Fletcher and I are finally ready to ride together again. I got up super early today to double check the route we are taking and to clean up the bathroom and living room of Bailey's house. I made a little breakfast and then made sure Fletch was up. We got out bikes packed up in about an hour, finished cleaning, and double checked the house to make sure we didn't forget anything. Then we were off.
First stop, the grocery store. I keep forgetting to buy oatmeal for breakfasts. And it is making me really upset. I love oatmeal in the mornings, yet I forgot to get it again. So dang. I managed to get the raisins to put IN the oatmeal. Just didn't get the oatmeal. If you look at the word oatmeal closely like I am doing right now, it is a weird looking word. Oat and Meal. That is kind of funny. Oatmeal. hmmm.
We got on the road. The hardest part of yesterday was getting through Denver. It is a pretty wide city. The bike path's are actually just lesser trafficked roads, so we had to navigate our way across the city through back roads. We have a map of Denver's bike routes, so it wasn't terribly hard, but we had to stop every 10 blocks to double check if we were going to hit a dead end road or not. That was pretty funny. We met this biker named Jon, and he took us on this one route the entire second half of the city, all the way out to highway 36, the road we needed. He was super nice. He rode way out of his way to help us out.

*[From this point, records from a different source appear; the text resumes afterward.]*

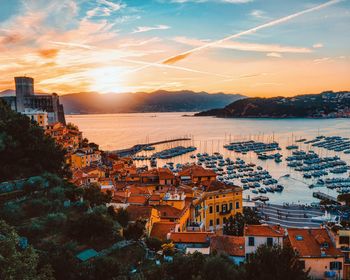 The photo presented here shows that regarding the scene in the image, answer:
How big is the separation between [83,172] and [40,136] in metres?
9.85

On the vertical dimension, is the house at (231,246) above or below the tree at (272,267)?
below

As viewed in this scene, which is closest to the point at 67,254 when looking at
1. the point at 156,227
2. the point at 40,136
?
the point at 156,227

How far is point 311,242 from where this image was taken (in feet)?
37.8

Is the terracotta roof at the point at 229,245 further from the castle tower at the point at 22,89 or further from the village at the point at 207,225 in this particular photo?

We rode for a little over an hour and then stopped for lunch at a diner. They had a pretty good chicken fried steak. Not the best of the trip so far, but top three for sure. As we were leaving the city/diner, we passed some area where they train jet fighters. There were two jets doing formations, crazy barrel rolls and flips and tricks a hundred feet off the ground. Nuts. We stopped and watched them do that for a little while. It was crazy.
Highway 36 is pretty boring. If you look it up on a your handy dandy google maps app, you can tell that it is a straight line from Denver to where ever, for hundreds of miles. And that is the road we are on for a good ways. True to the map, it is certainty in a straight line, and it doesn't deviate much. That kind of stinks. The shoulder is huge and smooth though. In that aspect, I think it is the nicest thing I have ridden on besides the bike path in Jackson, WY.
With it being so flat, with no trees, we slept in a ditch tonight. I don't know what kind of animal digs multiple 1.5 foot wide holes in the ground in multiple locations, but I really hope I don't find out tonight when I sleep under the stars. We are hoping to be in Kansas tomorrow. That is about a hundred mile day. It is going to be good. I can't wait to get home in a couple weeks to the 100 degrees with 100% humidity. Wait, I could definitely wait for the second half of that statement.
It is good to have Fletcher back on the ride. We had pillow talk for a good hour and a half last night. It will be nice having real talk on a regular basis again. Not that I wasn't happy before, it was just different, a good kind of different. We listened to music and saw a gnarly sunset before bed. It looked like an inferno.
I am sitting next to some cactus as I write this. Pointy.